Ein Überlebensrefelx in mir möchte mit allen Menschen in Frieden leben, nicht verletzt zurück bleiben und nicht verletzen. Streit wird umschifft. Meine erste Reaktion war deswegen, dass ich ja vielleicht im Folgejahr noch einsteigen könnte. Millisekunden später, erwiderte meine Hirn- und Herzzentrale, ob ich denn nicht alle Tassen im Schrank hätte und überhaupt nicht lernfähig sei? Wie oft musste ich schon die Konsequenzen tragen, zu meinem allzu spontan gesprochenen Wort zu stehen, trotz Unbequemlichkeiten, trotz Verletzung. Meine sogenannten Schutzreflexe müssen unbedingt überarbeitet werden. Man kann von Glück reden, dass diese Person mir wieder negativ antwortete, den Kopf schüttelte und eine abweisende Geste machte – so wurde ich aus meiner masochistischen Falle gerettet. Alle Wege eines fortführenden Kurses bei dieser Person blieben mir verschlossen. Wie gut, dass mein Herz immer am lautesten schreit und ich mich für meinen jetzigen Anbieter entscheiden hatte. Im Nachsatz kam zwar noch, man würde mich trotz allem lieben, aber mich beschlich trotz aller Arglosigkeit, dass es nicht ganz so ehrlich gemeint sein konnte. Meine durch Yoga erarbeitete Aufrichtung sackte zusammen. Trost fand ich bei der zweiten Person auf dem Stand, die wie eine aufgehende Sonne mich mit ihrer Wärme umarmte. Ja, ich war doch diejenige, die geheilt werden wollte, von meinen Granthis (Blockaden) befreit werden wollte – und jetzt zwang mich die Situation in die Knie, dass ich Verständnis aufbringen musste für einen Menschen mit fundierten psychologischen und therapeutischen Kenntnissen.

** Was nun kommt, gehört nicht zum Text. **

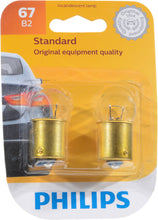 Load image into Gallery viewer, 67B2 Philips Standard Miniature 67 - Standard - Twin Blister Pack Philips Bulbs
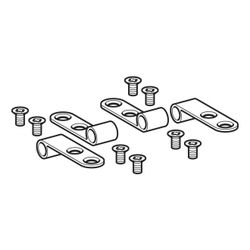 Geberit Set Laschen verchromt, 4 Stück... GEBERIT-597120000 4022009194333 (Abb. 1)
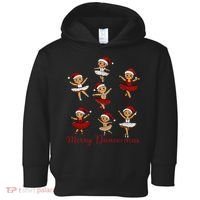 Merry Dancemas Gingerbread Dancer Ballet Christmas Toddler Hoodie thumb 0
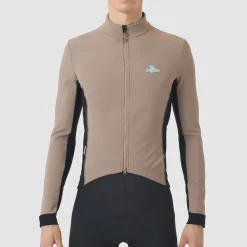Maglia maniche lunghe Cafe du Cycliste Manon - Beige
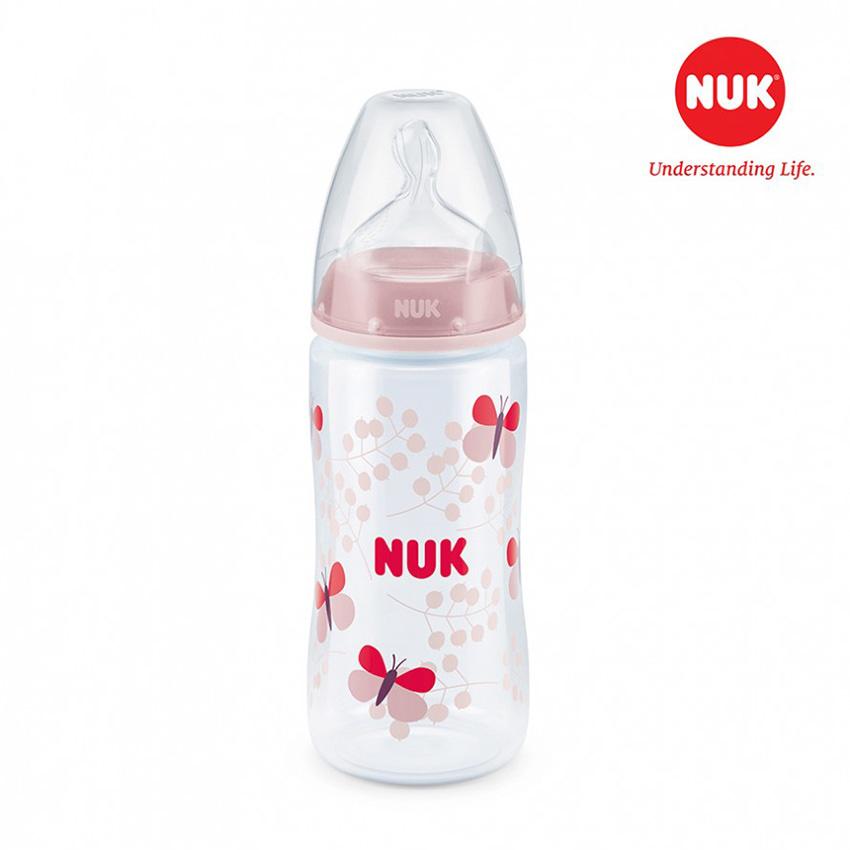 Bình sữa nuk pp 300ml bé 6tháng hồng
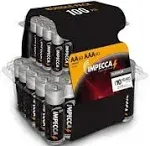 Impecca Alkaline AA 60 AAA 40 Plastic Box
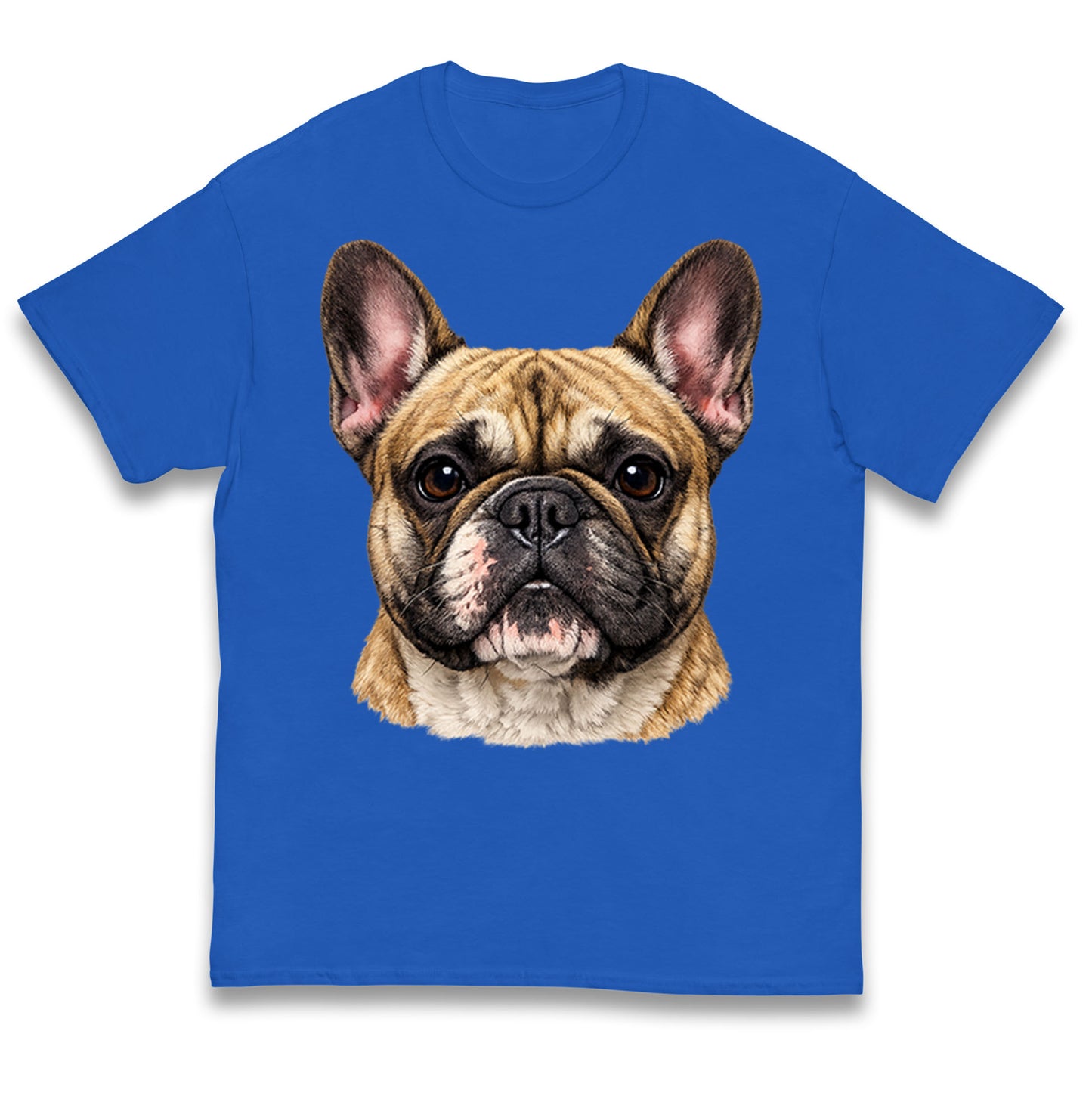 French Bulldog Face Kids T Shirt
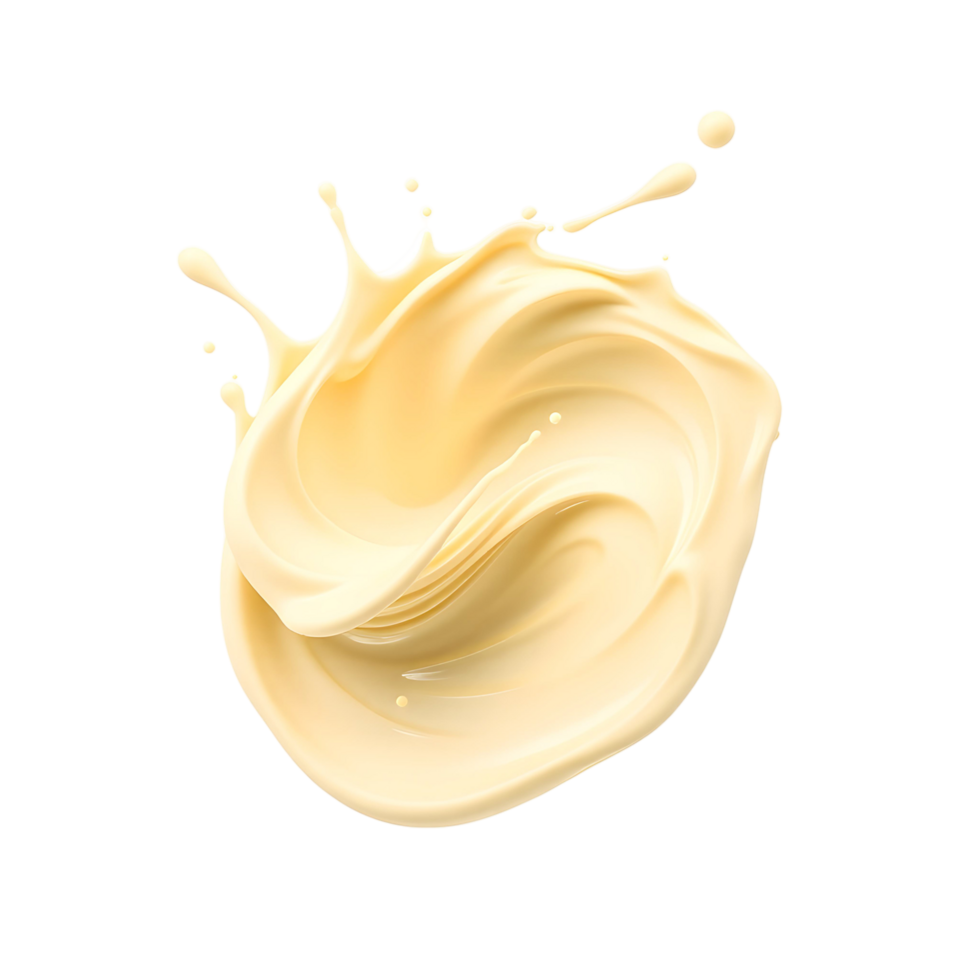 A splash of cream on a black background png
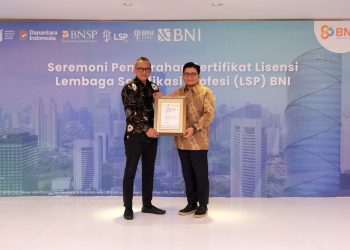 BNI Perkuat Tata Kelola SDM lewat LSP dan Sertifikasi ISO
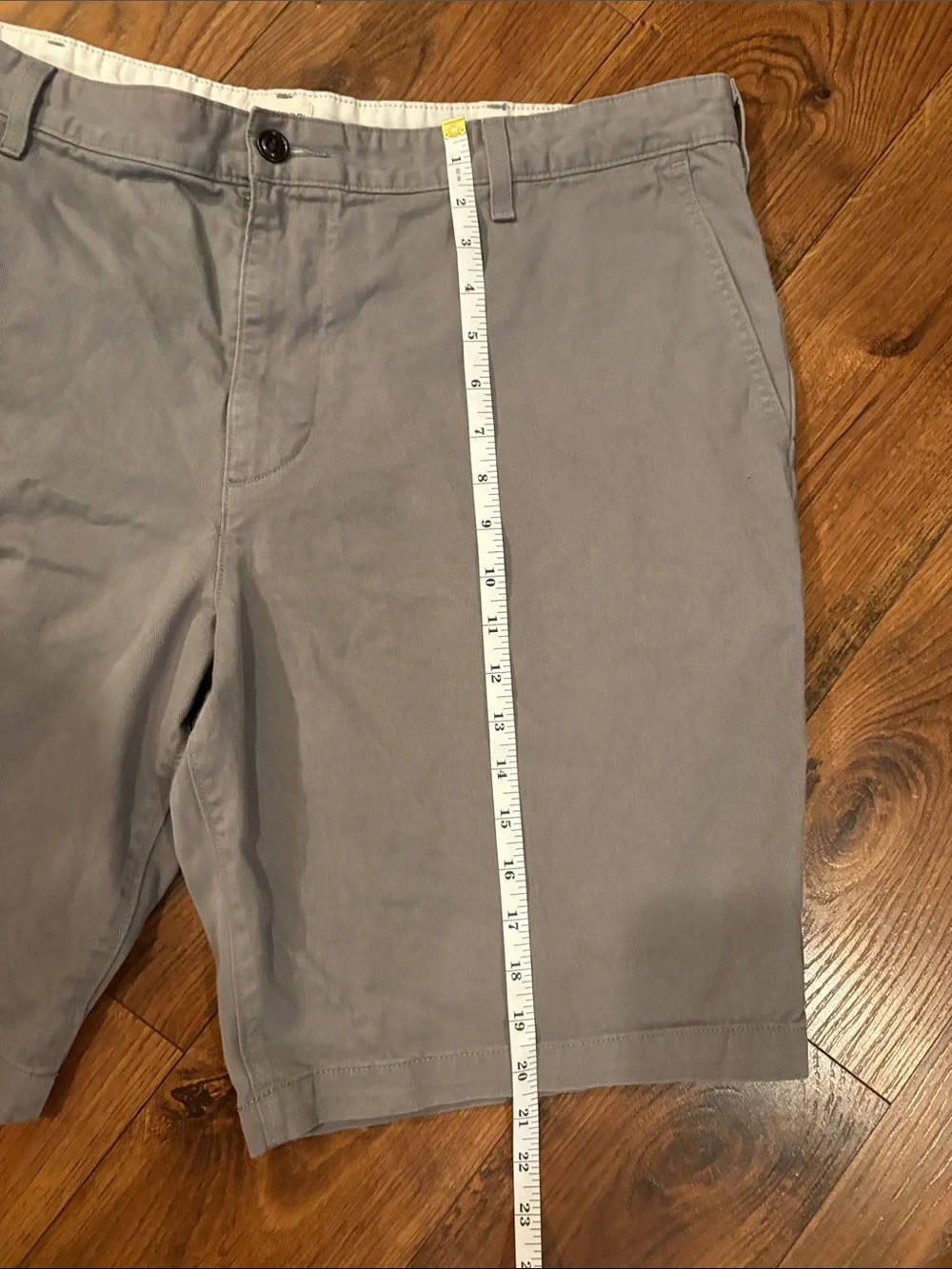 Dockers Men's Gray Flat Front Chino Shorts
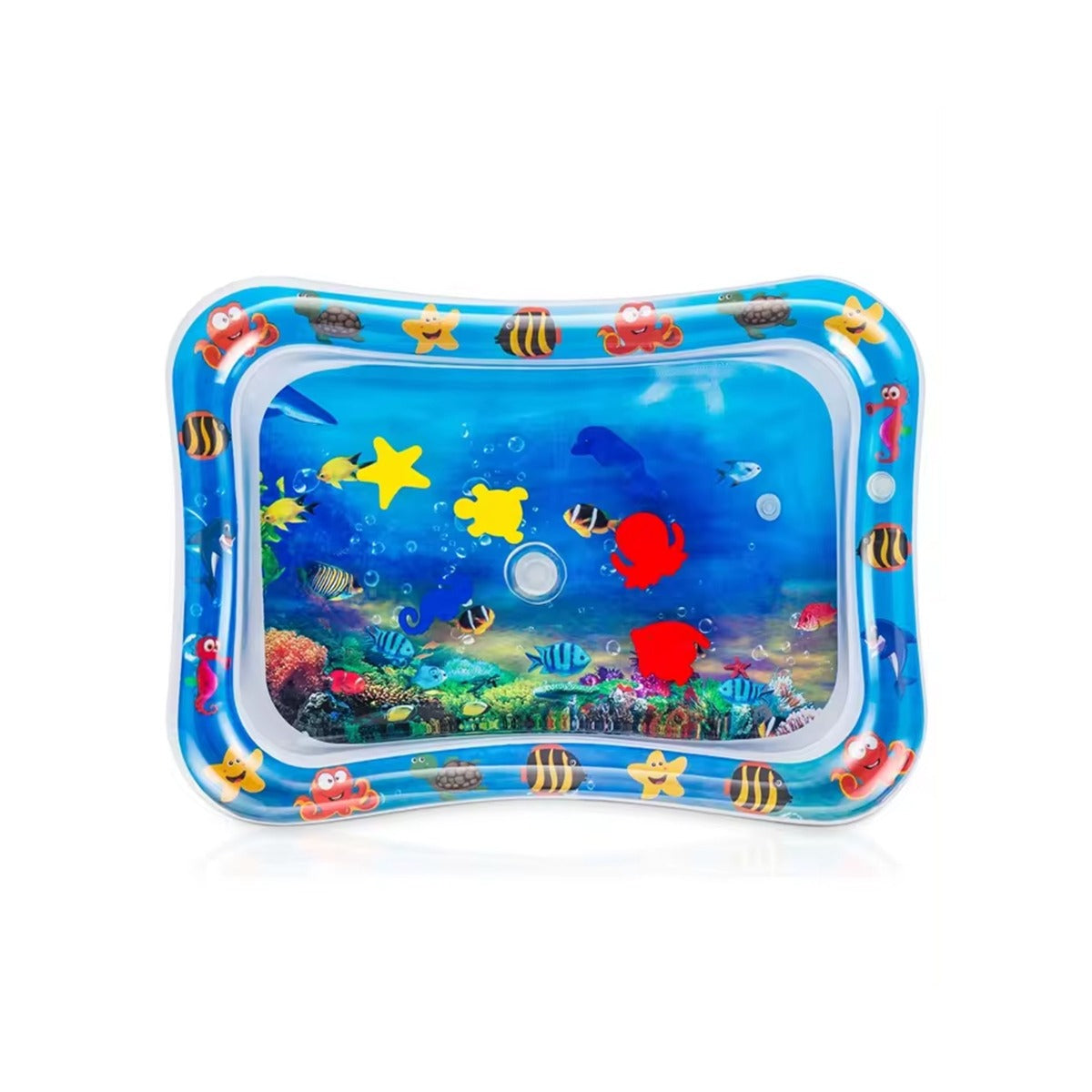 Inflatable Baby Play Mat Water Play Mat For Kids Leakproof Baby Tummy Time Pool Type Mat (C)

Für welches Yoga bei welchem Anbieter auch immer ich mich entschieden habe, egal welche Regeln es gibt – es trifft auf meinen Körper, mein Herz und meine Seele. Ich forme aus den angereichten Werkzeugen meinen individuellen Weg. Ich entscheide mich, wie weit ich mich von Regeln löse, sie breche oder in wessen Fußstapfen ich weiterlaufe.

Yoga ist eine Lebensweise, die nicht außerhalb des Studios oder gar der Matte aufhört. Yoga muss ein Gemeinschaftsgefühl erzeugen, und man freut sich für jeden, der neu hinzukommt. Yoga heißt, sich gegenseitig zuzuhören, Verständnis zu haben, Glück zu gönnen – und ist Leben. Und Leben ist der Wirtschaftlichkeit übergeordnet.

Zum Glück wird mein Heilungsprozess aber auch rege in Gang gesetzt. Ich kann zum Glück mehr Positivbeispiele nennen – Yogalehrer, denen ich sehr verbunden bin, gönnen mir meinen Schritt, selbst wenn sie nicht finanziell davon profitieren, und sie trösten mich, wenn etwas nicht so gut läuft. Des weiteren läuft mein Hippieherz fast über vor Freude, wenn ich sehe, dass Yogastudio-Besitzer sich gegenseitig in ihren Studios besuchen. Bitte mehr davon! Yoga hat für Konkurrenz keinen Platz.

Wie ich am Ende des Tages auf der Messe aber doch noch richtig glücklich wurde und doch noch etwas kaufte, erzähle ich ein anderes Mal (insbesondere weil es noch nicht fertig ist).